Cita rasa sebuah bangsa akan makanan dipengaruhi oleh beberapa faktor. Cara memasak dan ketersediaan bahan baku merupakan dua faktor utama yang membuat suatu masakan berbeda antara yg satu dengan lainnya. Selain cita rasa, karakter suatu bangsapun dapat dilacak jejaknya melalui makanannya.  


Indonesia terdiri dari banyak pulau dan suku bangsa. Ketersediaan bahan baku di masing-masing wilayah berbeda. Hal ini tentu membuat kuliner Indonesia sangat beragam dengan berbagai cita rasa yang khas. Cara memasak antara satu daerah dengan yang lainnya juga berbeda. Ada beberapa daerah yang memiliki masakan yang untuk membuatnya diperlukan waktu yang sangat lama sekali, bisa hingga lebih dari 24 jam karena menggunakan panas api yang sangat minimal, seperti masakan Gudeg dari Jogjakarta atau Betutu dari Bali. Sementara banyak jenis masakan lain hanya memerlukan waktu pengolahan yang singkat, berkisar antara 15 menit hingga setengah jam saja.
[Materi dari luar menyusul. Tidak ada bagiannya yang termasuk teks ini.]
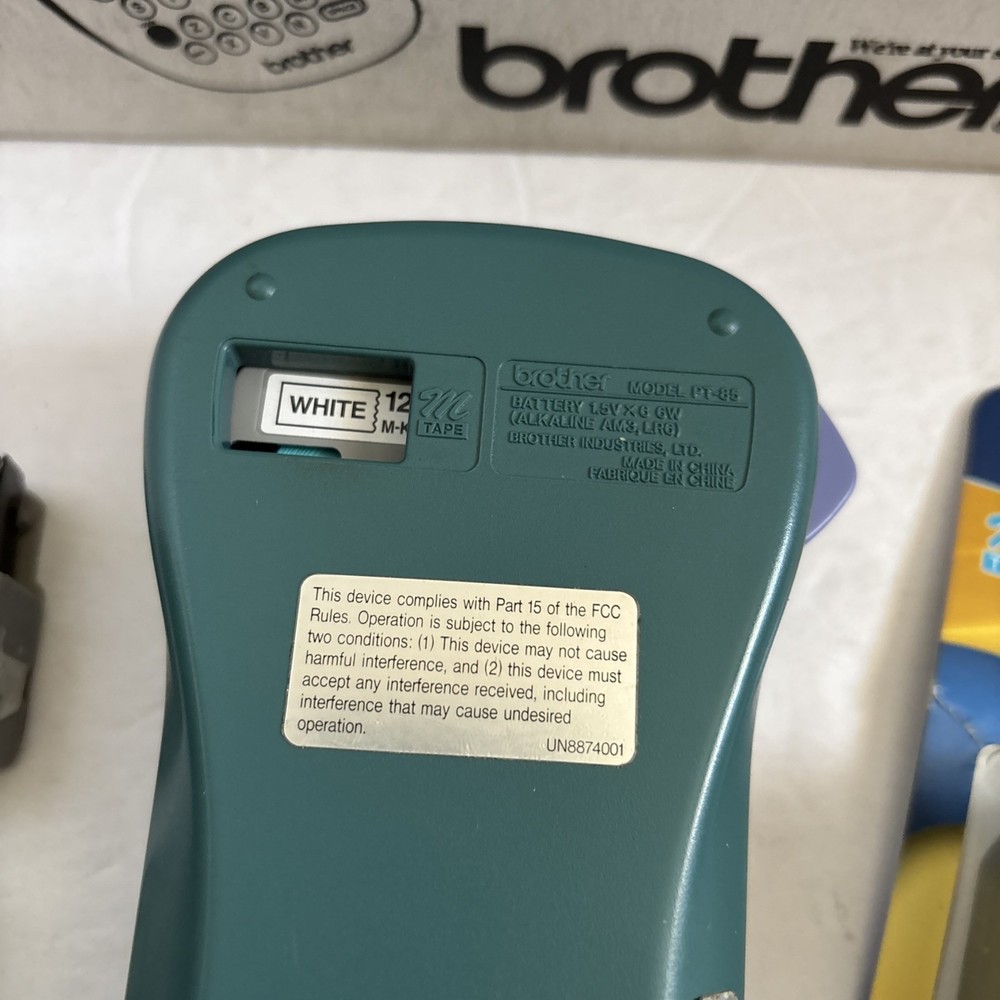 Brother P-Touch PT-85 Thermal Label Printer Bundle **TESTED & WORKING**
Berdasarkan kebiasaan yang berlaku umum, baik di Indonesia ataupun di Bali khususnya, urusan memasak merupakan tugas para perempuan: ibu rumah tangga dan anak-anak perempuan dalam keluarga. Kecuali beberapa jenis masakan yang terkait dengan satu upacara keagamaan, biasanya dikerjakan oleh kaum laki-laki. Misalnya salah satu jenis makanan khas Bali yang bernama lawar. Mungkin karena memerlukan banyak tenaga dalam membuat lawar, mulai dari pemotongan hewan (biasanya babi atau bebek atau ayam) hingga menyiapkan beberapa jenis sayur seperti buah nangka muda, daun pakis, buah pepaya muda, parutan kelapa dan beberapa jenis sayur lainnya, maka pihak laki-laki dianggap sebagai pihak yang lebih pas untuk tugas membuat lawar.


Lawar biasanya dibuat ketika ada upacara, baik upacara di pura maupun di rumah. Selain untuk keperluan sembahyang, lawar dibuat untuk konsumsi para kerabat dan tetangga yang membantu pelaksanaan upacara, oleh karena itu, untuk satu kali racikan, lawar dibuat cukup untuk konsumsi lebih dari 30 orang hingga 100 orang atau bahkan lebih tergantung dari berapa banyak orang yang terlibat untuk mempersiapkan upacara tersebut. 


Lawar diberi nama sesuai dengan bahan yang dipakai untuk membuatnya, seperti misalnya lawar yang menggunakan nangka muda maka lawar tersebut dinamakan lawar nangka, lawar yang menggunakan daging bebek, maka lawar tersebut dinamakan lawar bebek dan sebagainya. Meski awalnya lawar dibuat untuk keperluan upacara keagamaan, namun saat ini lawar telah menjadi bagian dari kuliner Bali sehari-hari yang bisa kita jumpai baik di warung maupun restoran di Bali.